And this is why the Egyptians worshiped cats as gods.
This actually explains a lot. Where is this church and how can I join?
aww, cḿon, krain: you really think there’s cultists involved in theme parks that have cretaceous, jurassic, triassic, and dummassic creatures (i adore the velociraptor peacefully GRAZING next to the caveman family)? XD
of course, like i’ve sed before, you want hallowe’en creepy, go in a catholic church. itś like one big creepy doll house. ick. brainwashed indeed.
This was one of Joseph Campbell’s favorite creation myths.
The Egyptian cat god Bastet spit up a hair ball, and the world came into being 6000 years ago
My cat looked at the ’toon and laughed so hard, she coughed up an asteroid!!
BTW; being on the west coast, we get the changed ’toons at 10pm so can play even before the news comes on!
Hey Debbie, “Just follow along and no one gets hurt”. Reminds me of all the ministers in my experience who didn’t have an answer for ticklish questions. Wonder what they were taught in theology college – probably “Follow along … etc”

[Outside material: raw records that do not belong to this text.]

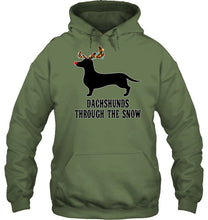 Load image into Gallery viewer, Dachshund Reindeer Through The Snow Christmas Gift Shirt Hoodie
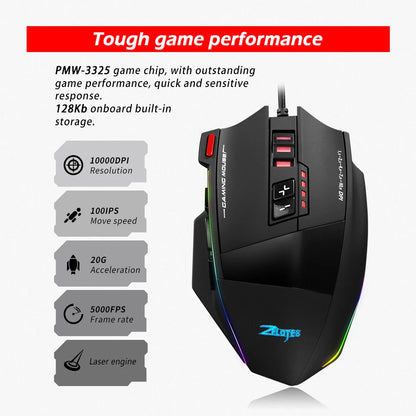 ZELOTES C13 Wired Gaming Mouse 10000 DPI RGB Programmable Gaming Mouse with 13 Buttons for PC & Laptop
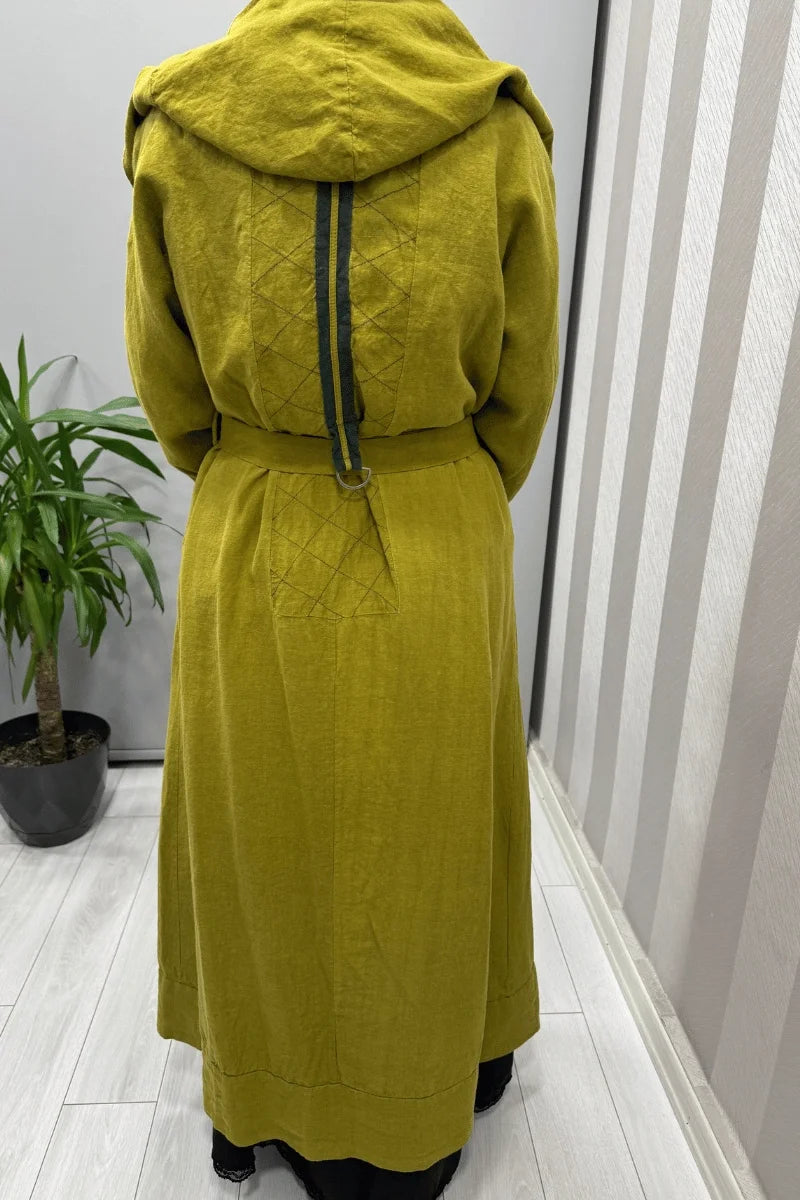 Misswhence Kapüşonlu Keten Kap 37401 - Yeşil - Görsel 4 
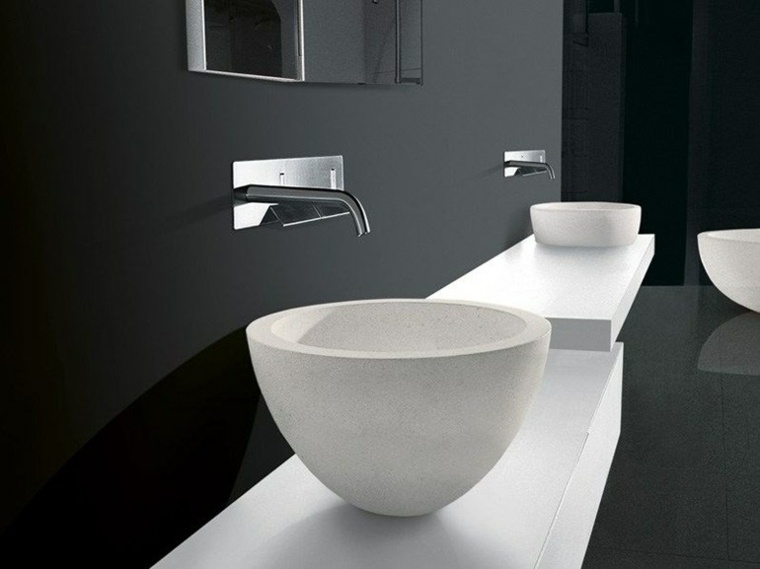 Modern fürdőszoba kialakítású kő mosdó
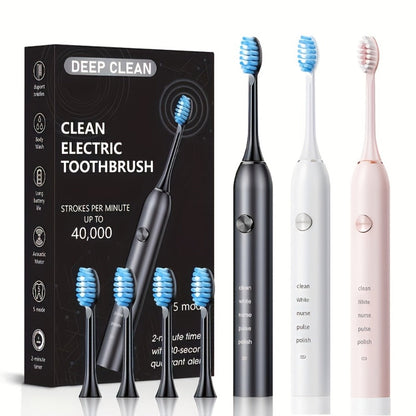 Electric Toothbrush with Five Modes, 40, 000 Vibrations per Minute, Type-C Charging and Four or Eight Heads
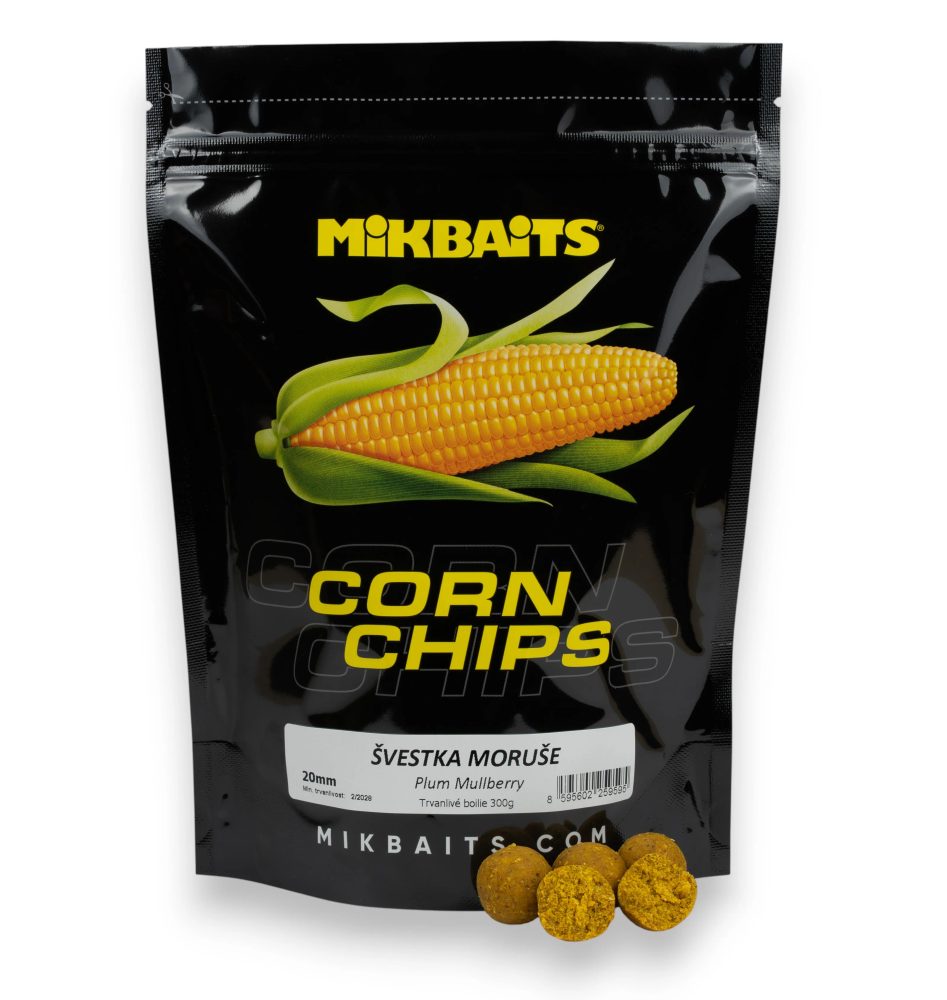 Mikbaits Boilies Corn Chips Švestka Moruše - 24mm  300g,Mikbaits Boilies Corn Chips Švestka Moruše - 24mm  300g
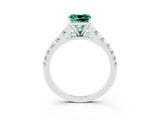 White gold Cushion Cut Green Sapphire Solitaire Ring with Cathedral Setting and Pavé Band_3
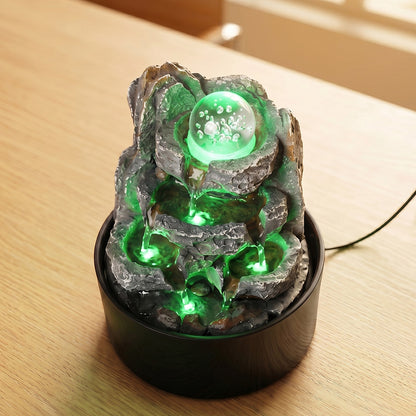Spector Tabletop Water Fountain Resin LED Light 3 Flow Levels Waterfall Office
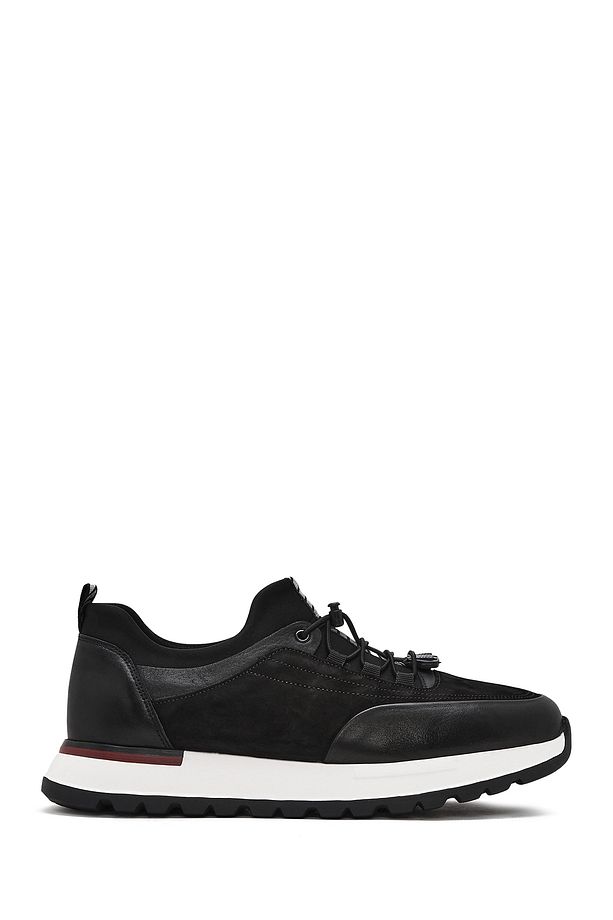 Erkek Siyah Bağcıklı Deri Sneaker 25SFD641114 - 1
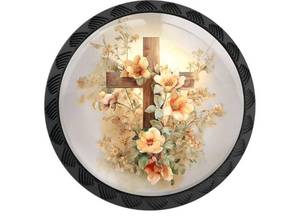 lot 37131 image: 4 Pack Jesus Cabinet Knobs Round Drawer Pulls Cross Knob Cupboard Door Handles Hardware for Kitchen Bathroom Cabinets - Retail $9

Egyptians beat her to it..http://en.wikipedia.org/wiki/Bastet
That would explain the saltiness of the oceans.
Sounds about as legitimate as any other creation myth. From now on, when cleaning up after one of little kitteh’s barfs I shall now paraphrase the Bhagavad Gita, “I am become death, destroyer of worlds and cleaner of hardwood floors!”
My dog has instructed me to inform the masses that this is not the way it happened…and she should know because dog spelled backwards is…well I think you get the point.
Why not? I have seen worse.http://en.wikipedia.org/wiki/Cargo_cult
“Follow along & no one will get hurt” is the doctrine of Obama.
dtroutma, you caused me to do a spit take with my night cap….
The profession of shaman has many advantages. It offers high status with a safe livelihood free of work in the dreary, sweaty sense. In most societies it offers legal privileges and immunities not granted to other men. But it is hard to see how a man who has been given a mandate from on High to spread tidings of joy to all mankind can be seriously interested in taking up a collection to pay his salary; it causes one to suspect that the shaman is on the moral level of any other con man. But it is a lovely work if you can stomach it. [Lazarus Long, Time enough for Love, by Robert Heinlein]
(Religous) Faith strikes me as intellectual laziness.